Activity >> Among the entries below, only the lines from the one with "МИД РФ: Россия" through the one with "Верн, Ж. Дети капитана" are to be retyped, exactly and without pictures.

Task input >>
▼

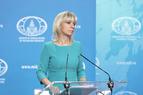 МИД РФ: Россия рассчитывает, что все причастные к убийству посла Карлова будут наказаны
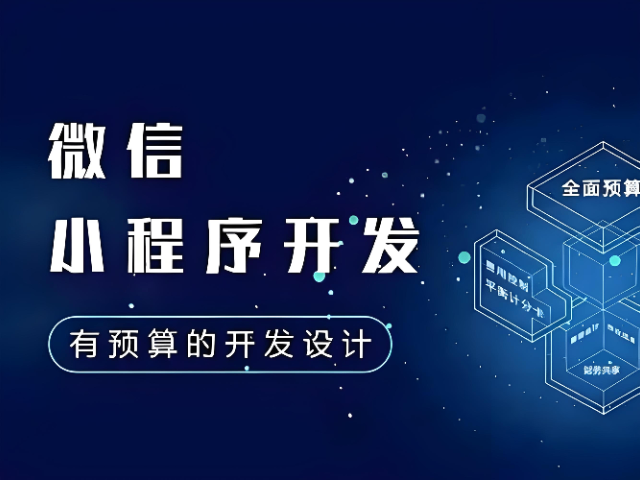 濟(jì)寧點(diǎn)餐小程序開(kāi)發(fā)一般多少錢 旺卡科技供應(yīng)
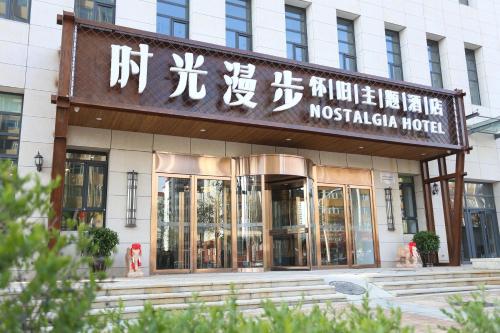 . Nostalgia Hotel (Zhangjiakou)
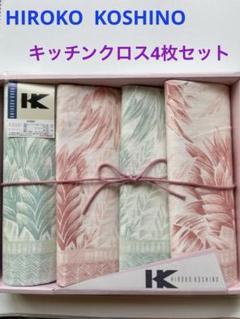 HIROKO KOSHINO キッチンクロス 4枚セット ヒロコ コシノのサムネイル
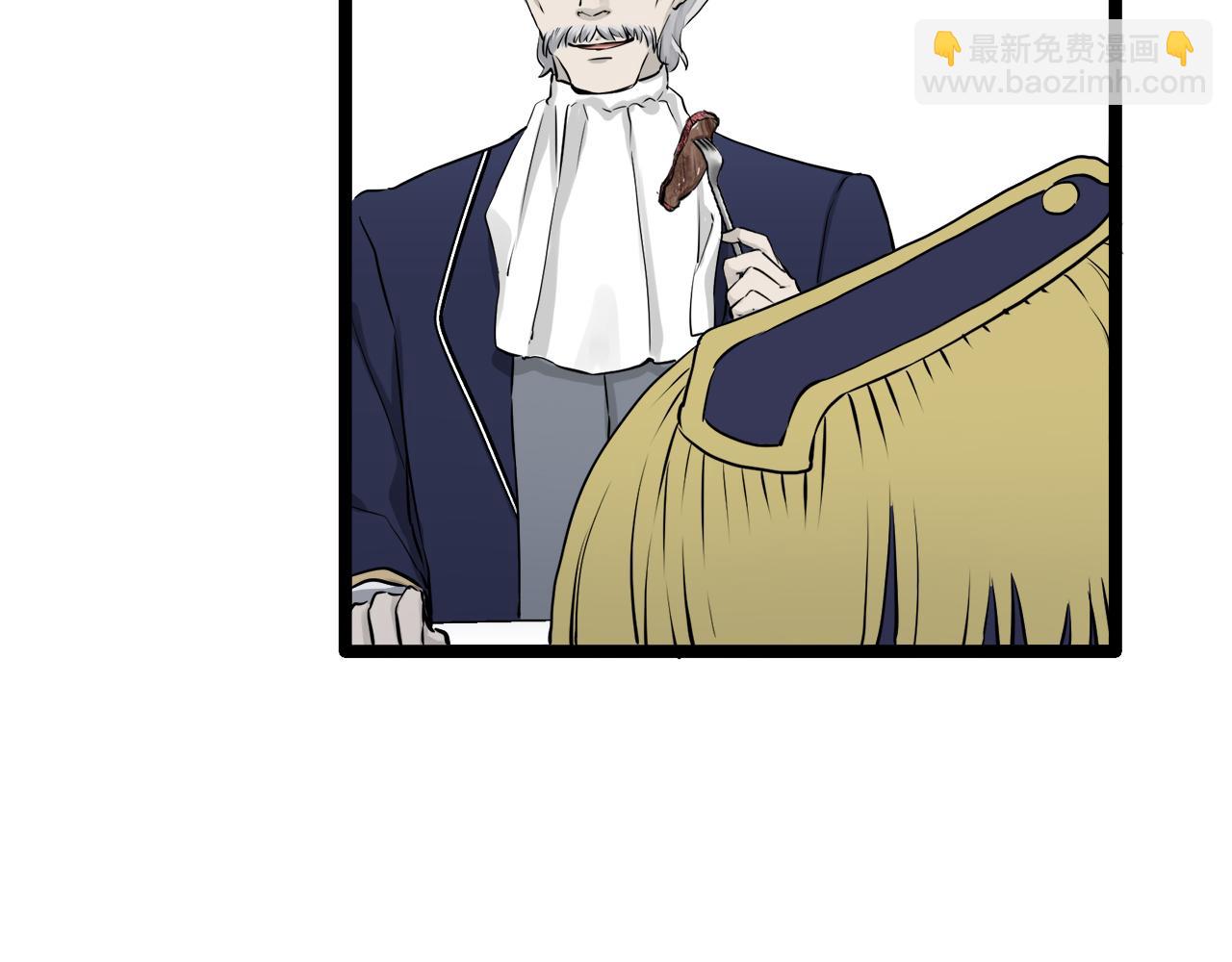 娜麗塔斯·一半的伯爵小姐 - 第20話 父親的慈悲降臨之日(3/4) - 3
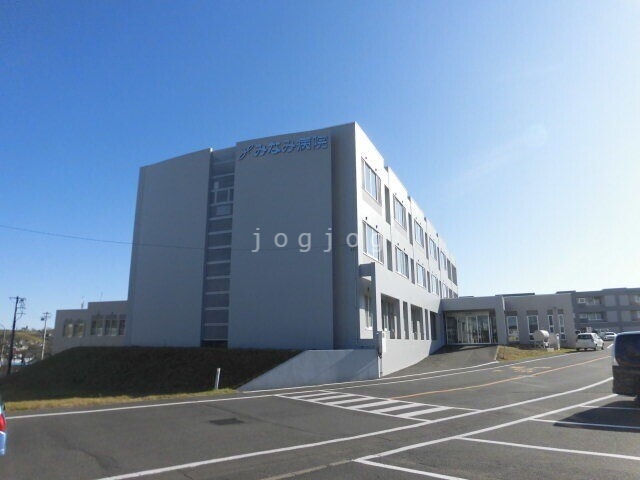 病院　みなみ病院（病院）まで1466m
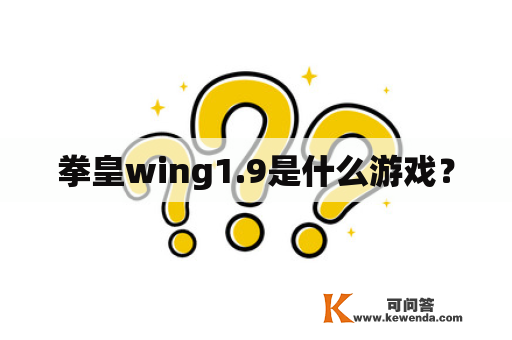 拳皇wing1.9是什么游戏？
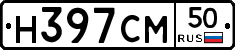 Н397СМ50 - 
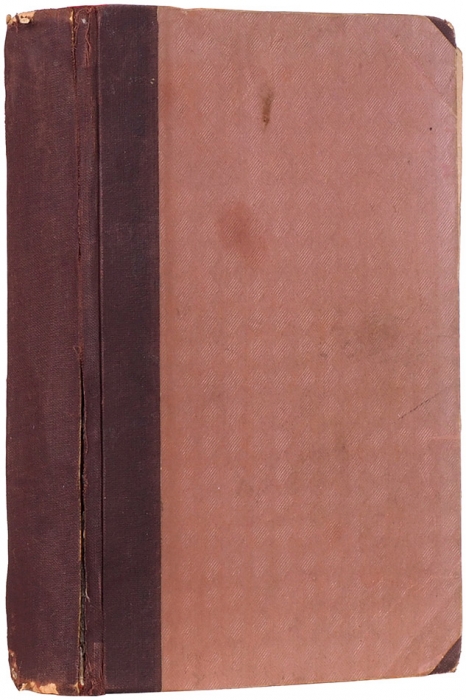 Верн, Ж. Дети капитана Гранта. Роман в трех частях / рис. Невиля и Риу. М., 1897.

▲
▼

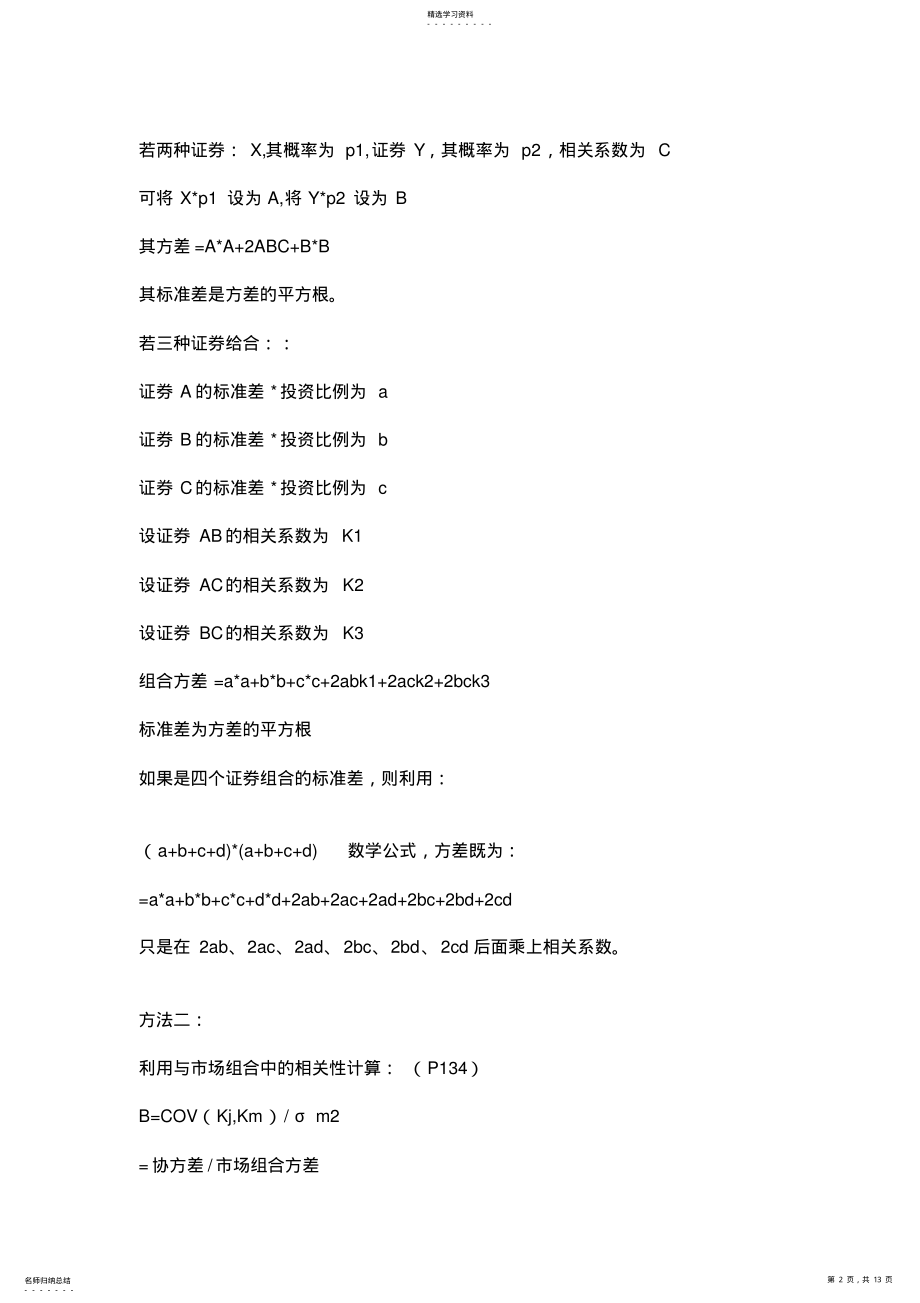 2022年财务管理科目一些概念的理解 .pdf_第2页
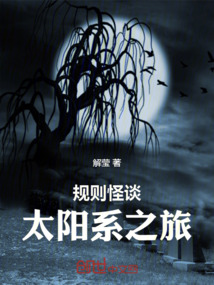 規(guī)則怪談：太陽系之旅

▲
▼

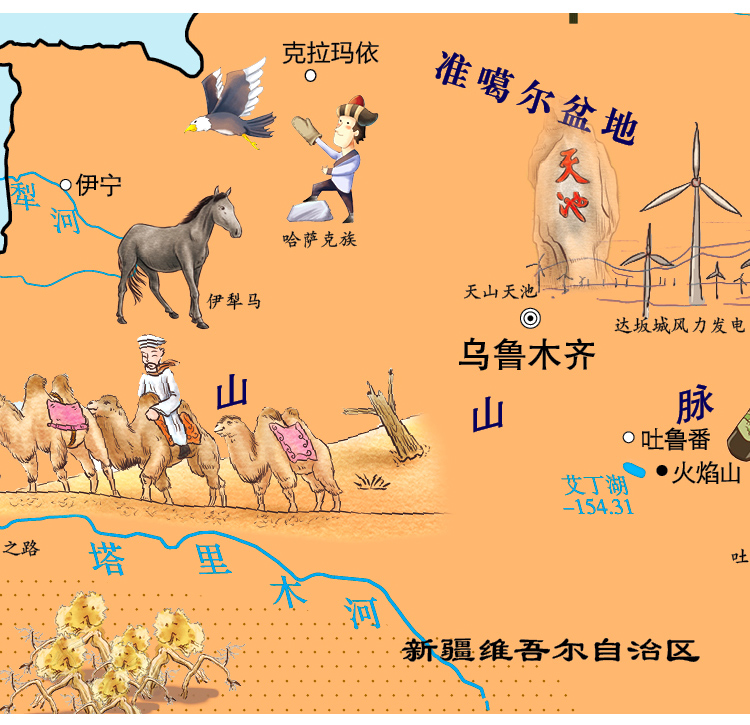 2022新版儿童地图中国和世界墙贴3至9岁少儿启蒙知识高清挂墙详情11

▲

Your response >>
 МИД РФ: Россия рассчитывает, что все причастные к убийству посла Карлова будут наказаны
 濟(jì)寧點(diǎn)餐小程序開(kāi)發(fā)一般多少錢 旺卡科技供應(yīng)
 . Nostalgia Hotel (Zhangjiakou)
 HIROKO KOSHINO キッチンクロス 4枚セット ヒロコ コシノのサムネイル
 娜麗塔斯·一半的伯爵小姐 - 第20話 父親的慈悲降臨之日(3/4) - 3
 病院　みなみ病院（病院）まで1466m
 拳皇wing1.9是什么游戏？
 Н397СМ50 - 
 Верн, Ж. Дети капитана Гранта. Роман в трех частях / рис. Невиля и Риу. М., 1897.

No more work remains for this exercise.